Le transport routier s'exerce dans une perspective européenne. Il serait invraisemblable qu'on puisse imaginer de déréglementer le cabotage comme certains pays le souhaiteraient (c'est-à-dire le droit donné à des véhicules étrangers venus sur le territoire national dans le cadre d'un transport international, d'effectuer trois opérations de transport franco-français sur une durée de sept jours), alors que des entreprises françaises sont aujourd'hui à l'arrêt.
La relance de l'activité économique sera lente et progressive. Dès lors, il est crucial pour la survie des 36 000 entreprises employant plus de 500 000 salariés pour un chiffre d'affaires de 53 milliards d'euros, de leur garantir une activité minimale pour leur permettre de maintenir une activité suffisante vitale, sans que cette activité puisse être capter des pavillons étrangers pratiquant pour certains le dumping social.

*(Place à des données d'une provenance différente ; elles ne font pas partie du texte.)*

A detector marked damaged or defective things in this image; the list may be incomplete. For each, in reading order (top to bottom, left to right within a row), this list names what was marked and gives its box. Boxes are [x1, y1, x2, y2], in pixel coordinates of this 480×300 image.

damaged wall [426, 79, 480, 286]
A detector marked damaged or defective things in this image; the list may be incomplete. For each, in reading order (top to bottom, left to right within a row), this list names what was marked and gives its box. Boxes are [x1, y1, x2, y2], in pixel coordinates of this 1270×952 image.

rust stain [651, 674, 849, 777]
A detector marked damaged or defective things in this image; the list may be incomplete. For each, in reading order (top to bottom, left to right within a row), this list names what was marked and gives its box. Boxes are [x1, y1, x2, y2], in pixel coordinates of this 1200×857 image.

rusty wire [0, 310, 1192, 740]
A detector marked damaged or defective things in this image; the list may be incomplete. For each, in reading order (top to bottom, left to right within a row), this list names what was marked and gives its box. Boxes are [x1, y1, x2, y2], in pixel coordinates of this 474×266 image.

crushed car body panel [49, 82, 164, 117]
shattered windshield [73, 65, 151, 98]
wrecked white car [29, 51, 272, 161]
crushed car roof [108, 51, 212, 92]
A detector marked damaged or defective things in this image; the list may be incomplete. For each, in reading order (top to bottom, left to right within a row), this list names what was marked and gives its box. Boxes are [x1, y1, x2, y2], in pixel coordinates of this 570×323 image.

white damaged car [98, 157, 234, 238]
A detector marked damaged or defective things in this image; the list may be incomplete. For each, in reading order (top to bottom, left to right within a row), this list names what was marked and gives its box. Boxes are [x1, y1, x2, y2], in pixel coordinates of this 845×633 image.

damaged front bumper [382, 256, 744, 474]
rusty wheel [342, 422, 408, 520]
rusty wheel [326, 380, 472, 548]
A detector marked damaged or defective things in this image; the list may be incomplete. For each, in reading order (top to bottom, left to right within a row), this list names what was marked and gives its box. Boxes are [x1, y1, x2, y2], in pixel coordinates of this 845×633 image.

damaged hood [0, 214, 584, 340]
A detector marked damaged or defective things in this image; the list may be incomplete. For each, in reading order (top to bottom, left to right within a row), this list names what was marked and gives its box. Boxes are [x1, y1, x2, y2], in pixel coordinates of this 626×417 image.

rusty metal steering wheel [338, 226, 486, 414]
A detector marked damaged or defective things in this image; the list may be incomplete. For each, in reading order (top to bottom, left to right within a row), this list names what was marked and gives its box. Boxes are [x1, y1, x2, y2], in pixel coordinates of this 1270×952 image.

Par ailleurs, une inquiétude certaine se fait connaître depuis plusieurs semaines quant aux conditions sanitaires dans lesquelles exercent les conducteurs étrangers. La branche des transports routier et de la logistique vient de publier un guide des bonnes pratiques, approuvé par le ministère du travail et celui des transports, qui acte des règles sanitaires strictes visant à éviter la propagation du Covid-19 au-delà de la période de confinement. Il n'existe aucune garantie que les entreprises étrangères appliquent les mêmes règles notamment sur tous les lieux de chargement et de déchargement, les aires de repos et de services, d'autant plus qu'il n'y a pas de véritable coordination des politiques sanitaires entre pays européens dans cette période de pandémie.
Le règlement européen n° 93-3118 du 25 octobre 1993 relatif à l'accès au marché du transport routier prévoit, en cas de perturbation grave du marché intérieur, la possibilité pour un État de demander l'application de la clause de sauvegarde. Une telle clause permettrait de prendre des mesures restrictives concernant le cabotage.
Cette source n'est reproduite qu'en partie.